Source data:
BEGIN

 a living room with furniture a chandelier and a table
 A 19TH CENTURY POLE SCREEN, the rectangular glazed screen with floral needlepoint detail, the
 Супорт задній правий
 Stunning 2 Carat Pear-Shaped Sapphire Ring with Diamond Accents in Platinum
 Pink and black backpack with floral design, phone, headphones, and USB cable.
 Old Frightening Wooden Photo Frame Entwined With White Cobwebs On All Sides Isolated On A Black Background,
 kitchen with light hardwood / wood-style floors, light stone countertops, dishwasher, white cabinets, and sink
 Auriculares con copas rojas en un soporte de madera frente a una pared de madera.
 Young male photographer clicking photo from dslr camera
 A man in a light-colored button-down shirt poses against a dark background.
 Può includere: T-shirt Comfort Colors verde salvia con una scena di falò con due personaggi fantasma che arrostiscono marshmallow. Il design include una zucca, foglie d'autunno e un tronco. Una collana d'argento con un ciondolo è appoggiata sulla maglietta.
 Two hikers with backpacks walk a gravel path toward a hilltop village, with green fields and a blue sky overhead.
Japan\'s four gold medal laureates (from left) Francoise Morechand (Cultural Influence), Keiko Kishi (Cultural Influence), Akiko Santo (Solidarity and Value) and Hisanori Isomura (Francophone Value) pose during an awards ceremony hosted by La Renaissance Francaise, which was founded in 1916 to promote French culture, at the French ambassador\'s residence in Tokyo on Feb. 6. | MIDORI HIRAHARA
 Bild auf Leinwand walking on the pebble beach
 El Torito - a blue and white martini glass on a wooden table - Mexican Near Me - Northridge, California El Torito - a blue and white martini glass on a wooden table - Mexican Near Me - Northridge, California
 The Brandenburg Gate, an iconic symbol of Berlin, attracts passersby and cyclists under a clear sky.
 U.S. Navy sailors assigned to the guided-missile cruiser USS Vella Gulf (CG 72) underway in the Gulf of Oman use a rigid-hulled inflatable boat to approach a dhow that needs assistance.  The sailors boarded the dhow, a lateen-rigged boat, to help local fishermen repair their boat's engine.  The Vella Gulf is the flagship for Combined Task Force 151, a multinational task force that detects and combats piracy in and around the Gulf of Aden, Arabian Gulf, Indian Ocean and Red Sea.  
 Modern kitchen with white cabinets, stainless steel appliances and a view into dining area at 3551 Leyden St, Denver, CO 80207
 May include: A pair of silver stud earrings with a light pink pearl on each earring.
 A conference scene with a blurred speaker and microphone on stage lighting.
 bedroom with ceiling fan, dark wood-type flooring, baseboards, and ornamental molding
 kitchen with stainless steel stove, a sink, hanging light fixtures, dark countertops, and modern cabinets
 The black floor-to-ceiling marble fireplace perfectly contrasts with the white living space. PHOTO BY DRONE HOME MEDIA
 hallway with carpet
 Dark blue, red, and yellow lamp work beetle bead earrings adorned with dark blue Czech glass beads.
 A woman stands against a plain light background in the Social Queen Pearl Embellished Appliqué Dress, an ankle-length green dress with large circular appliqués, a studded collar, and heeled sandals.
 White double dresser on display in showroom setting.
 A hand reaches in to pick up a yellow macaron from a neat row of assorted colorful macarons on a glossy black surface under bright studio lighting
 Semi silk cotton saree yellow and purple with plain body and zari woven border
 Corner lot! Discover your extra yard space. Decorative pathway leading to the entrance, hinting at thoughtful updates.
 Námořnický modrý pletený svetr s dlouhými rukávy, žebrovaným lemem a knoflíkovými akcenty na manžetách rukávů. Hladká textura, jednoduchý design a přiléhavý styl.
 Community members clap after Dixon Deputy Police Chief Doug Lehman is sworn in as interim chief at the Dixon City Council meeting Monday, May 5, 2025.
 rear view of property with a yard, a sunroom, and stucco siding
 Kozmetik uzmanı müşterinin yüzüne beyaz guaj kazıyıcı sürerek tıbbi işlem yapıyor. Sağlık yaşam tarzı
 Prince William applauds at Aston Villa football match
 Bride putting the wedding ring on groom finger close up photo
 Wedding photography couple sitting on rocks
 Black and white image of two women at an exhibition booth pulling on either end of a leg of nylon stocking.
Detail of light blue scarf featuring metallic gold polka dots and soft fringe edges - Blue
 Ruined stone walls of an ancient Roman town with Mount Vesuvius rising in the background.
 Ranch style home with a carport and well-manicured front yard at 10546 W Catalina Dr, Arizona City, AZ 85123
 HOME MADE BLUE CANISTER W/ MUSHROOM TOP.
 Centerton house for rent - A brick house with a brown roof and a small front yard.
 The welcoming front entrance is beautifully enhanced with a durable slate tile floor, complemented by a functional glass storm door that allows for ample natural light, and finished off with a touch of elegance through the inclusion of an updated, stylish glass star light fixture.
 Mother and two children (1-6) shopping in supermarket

END

**TASK DESCRIPTION**: Begin at the line that has "Auriculares con copas" in the entries above; stop after the line that has "Può includere: T-shirt". Transcribe exactly those lines and no others.

**EXPECTED OUTPUT**:
 Auriculares con copas rojas en un soporte de madera frente a una pared de madera.
 Young male photographer clicking photo from dslr camera
 A man in a light-colored button-down shirt poses against a dark background.
 Può includere: T-shirt Comfort Colors verde salvia con una scena di falò con due personaggi fantasma che arrostiscono marshmallow. Il design include una zucca, foglie d'autunno e un tronco. Una collana d'argento con un ciondolo è appoggiata sulla maglietta.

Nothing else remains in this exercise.